_Work required_.
Write out again the lines from the line with "Welcome, today we're" up to and including the line with "As you can tell", exactly as they stand below, and skip any picture.

Stored data entries

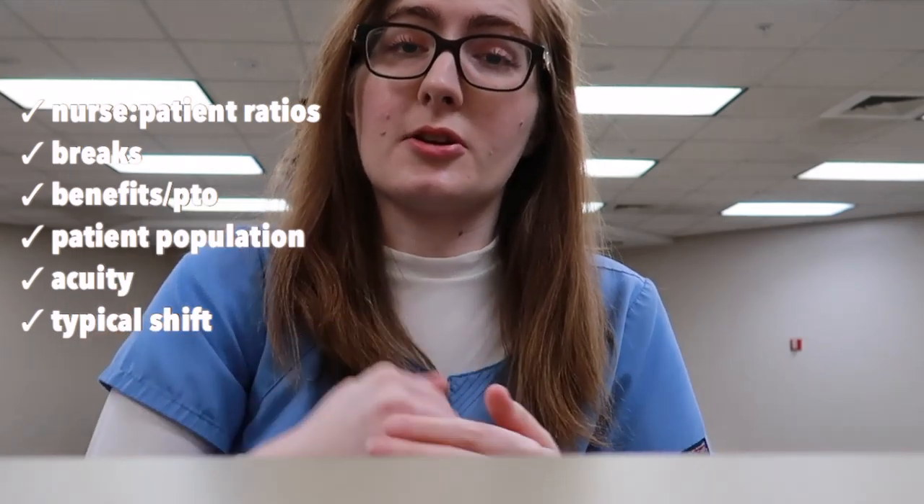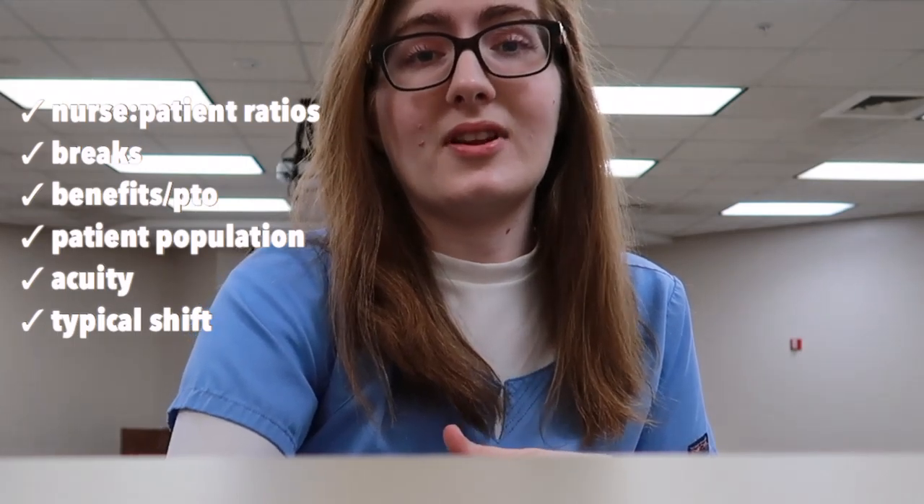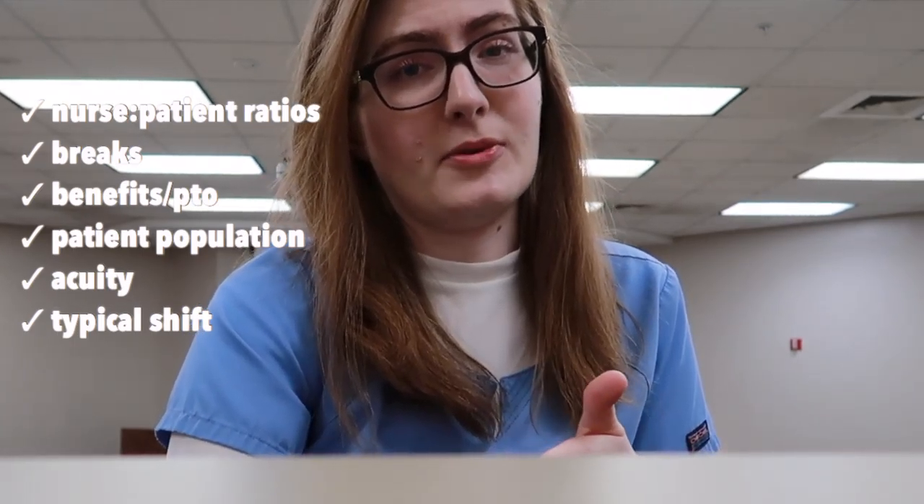And on top of that, when you're going with your resume and your references, make sure you go with a list of questions you want to ask the employer and the manager about specifically for that unit — like the nurse-patient ratios, how lunch breaks work, how benefits work, how time off works, what type of patient population they normally see, and what the typical nurse does on a shift. Because as much as they're interviewing you, you're also interviewing the manager to see if you'll be a good fit for that unit.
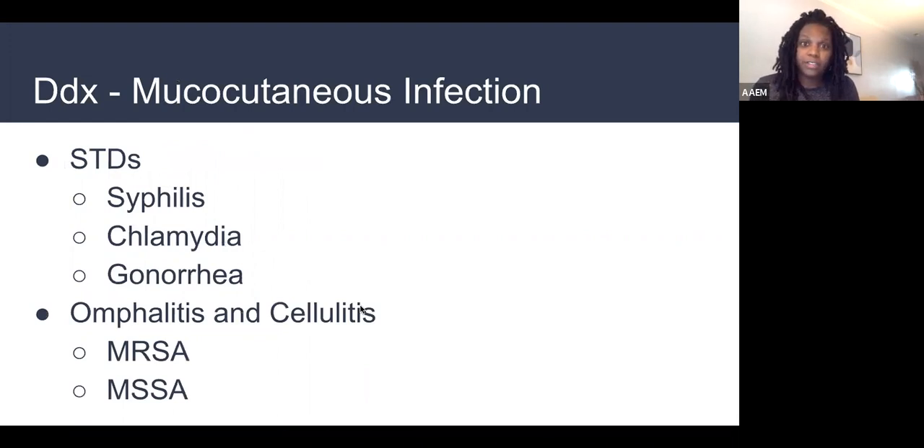Mucocutaneous infections — newborns are at increased risk for getting STIs from their mom. Syphilis, gonorrhea, chlamydia — these babies can present with gunky eyes and fever, rash and fever, or fussiness and fever. Ask mom about infections during the pregnancy. Omphalitis is a severe, high morbidity, high mortality infection of the umbilicus and the surrounding soft tissue. It can be caused by MRSA and MSSA. Be looking head to toe on these babies and making sure mucocutaneous infections are on your differential.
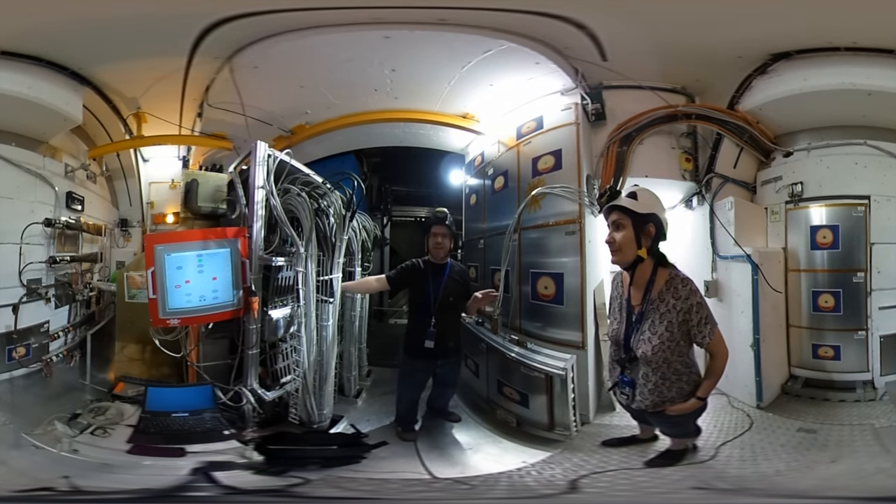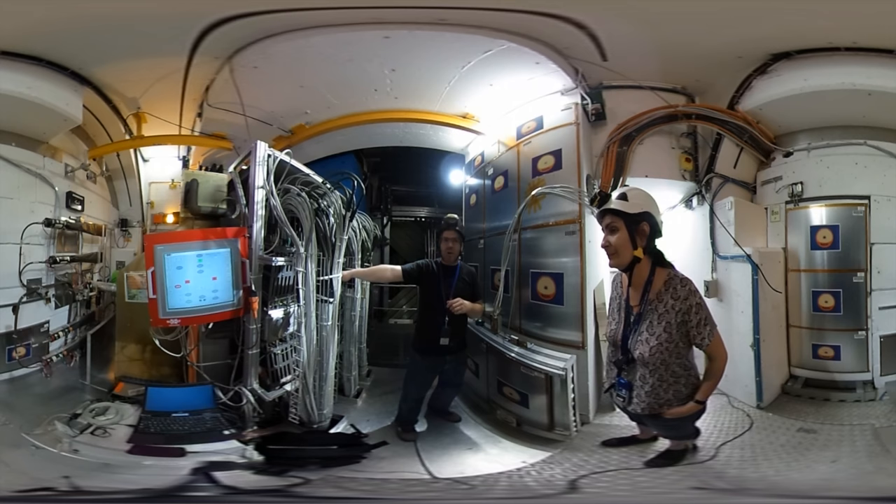We're located near the LHCb interaction point, which is approximately one meter further this way. These detectors are about two meters from the interaction point.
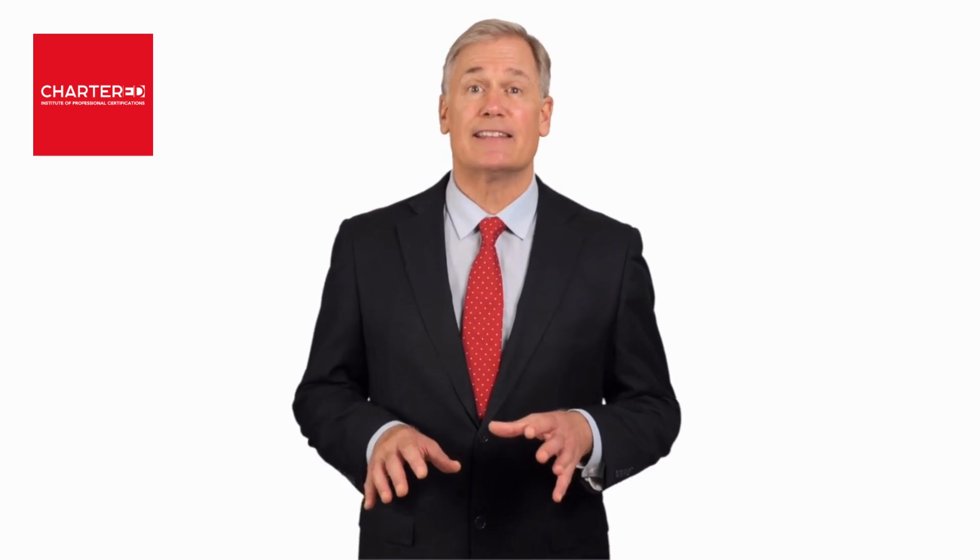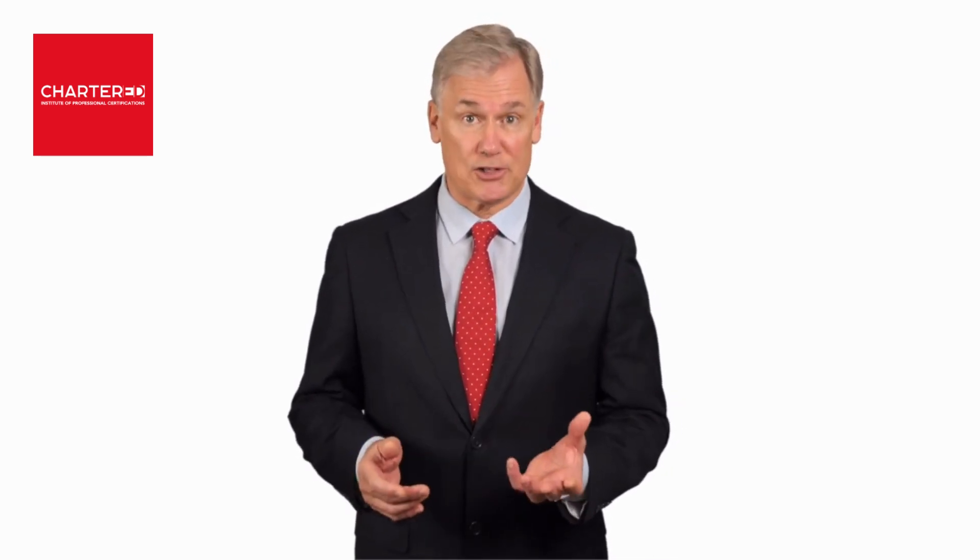So what are you waiting for? It's time to advance your career and enroll in our certified program today.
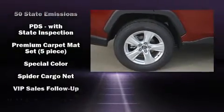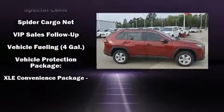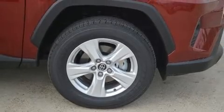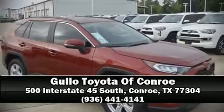With electronic stability control supplementing mechanical systems, you'll maintain precise command of the roadway. Our knowledgeable sales staff is available to answer any questions that you might have. Please don't hesitate to give us a call.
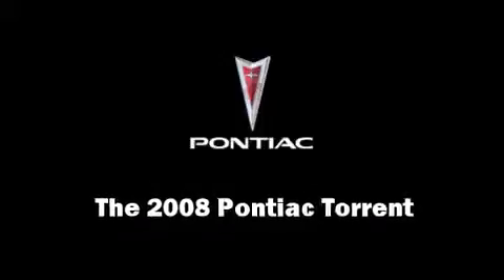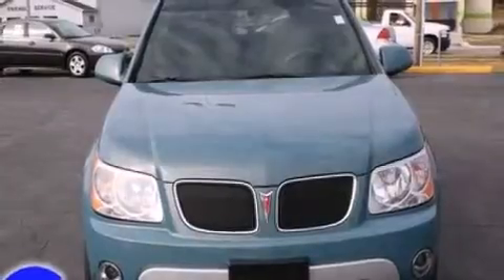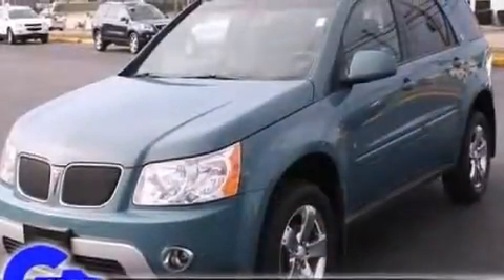Step into the 2008 Pontiac Torrent. It features a front-wheel drive platform, an automatic transmission, and a refined six-cylinder engine.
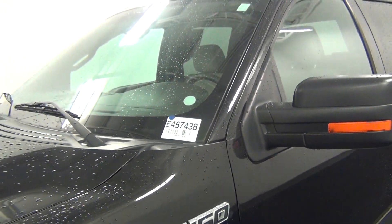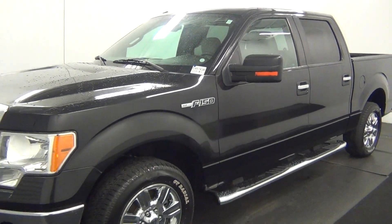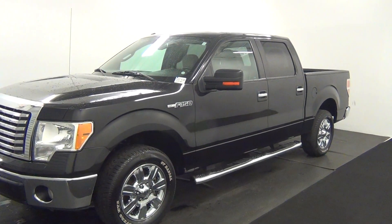Welcome, today we're going to do a walk around a 2010 Ford F-150, stock number E45743B.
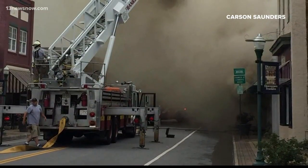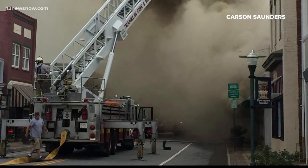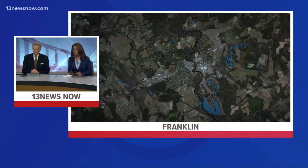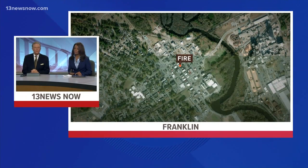In Franklin, fire crews continue to put out hotspots after flames engulf a business. Take a look at this brand new photo we just got into the newsroom. You can see the smoke pouring from the building. All of this is playing out on the corner of North Main and 3rd Avenue. 13 News Now reporter Robert Boyd has the new developments.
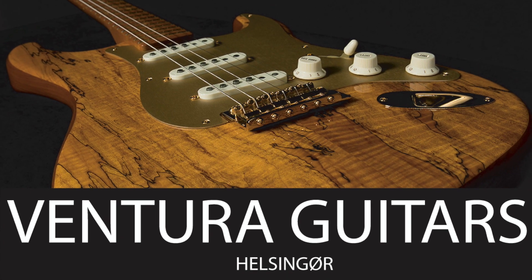Hi and welcome to Ventura Guitars. Today I'm going to show you a Fender Telecaster all the way back from 1976. Check this one out.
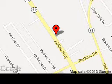We are located at 17742 Airline Highway, Prairieville, Louisiana, 70769.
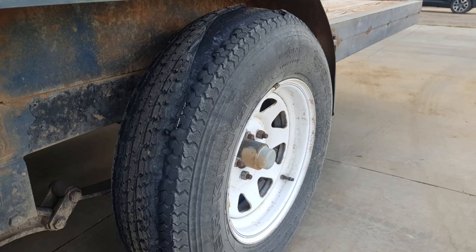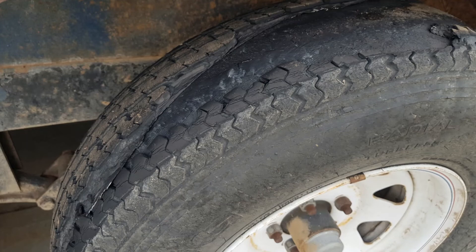As you can tell by our shredded tire, nothing ever goes smoothly for us.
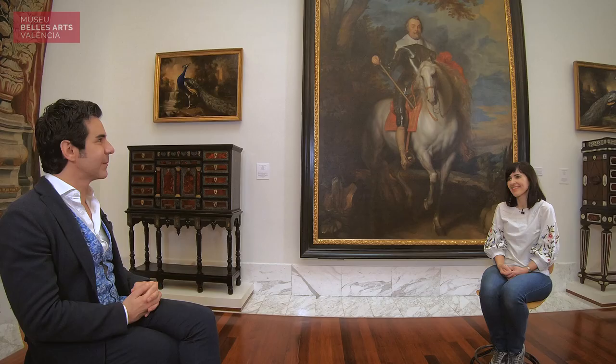Muchísimas gracias, Ana. Es siempre un placer contar contigo en Valencia, en las salas de este museo, con tu enorme conocimiento sobre la pintura flamenca y la historia del arte en general. Y a nuestros visitantes recordarles que el elegantísimo, pero no por ello menos impactante, Marqués de Aitona, pintado por Anton van Dyck, montado a la grupa de uno de los caballos más espectaculares que uno va a encontrar en las salas de un museo, está aquí esperándolos a todos. Gracias, muchas gracias, Pablo.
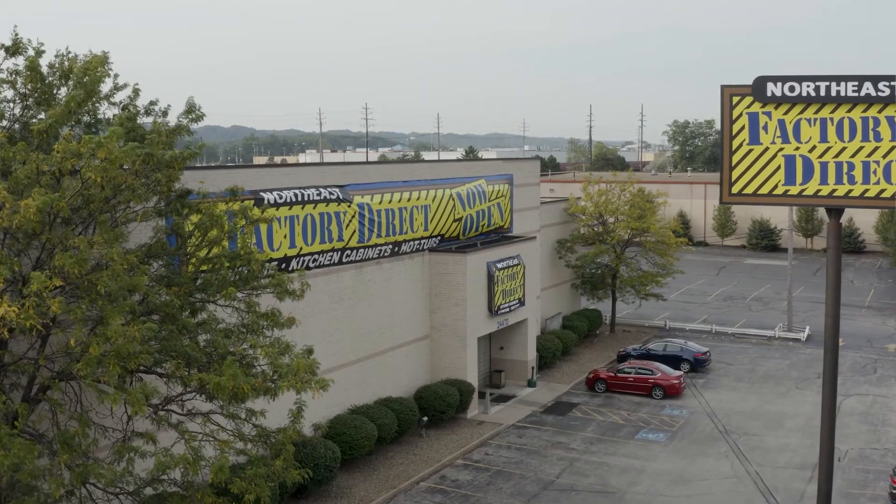Be sure to check them out — Northeast Factory Direct at all of their locations. Website: www.northeastfactorydirect.com.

_Expected answer_.
Welcome, today we're going to do a walk around a 2010 Ford F-150, stock number E45743B.
In Franklin, fire crews continue to put out hotspots after flames engulf a business. Take a look at this brand new photo we just got into the newsroom. You can see the smoke pouring from the building. All of this is playing out on the corner of North Main and 3rd Avenue. 13 News Now reporter Robert Boyd has the new developments.
Hi and welcome to Ventura Guitars. Today I'm going to show you a Fender Telecaster all the way back from 1976. Check this one out.
We are located at 17742 Airline Highway, Prairieville, Louisiana, 70769.
As you can tell by our shredded tire, nothing ever goes smoothly for us.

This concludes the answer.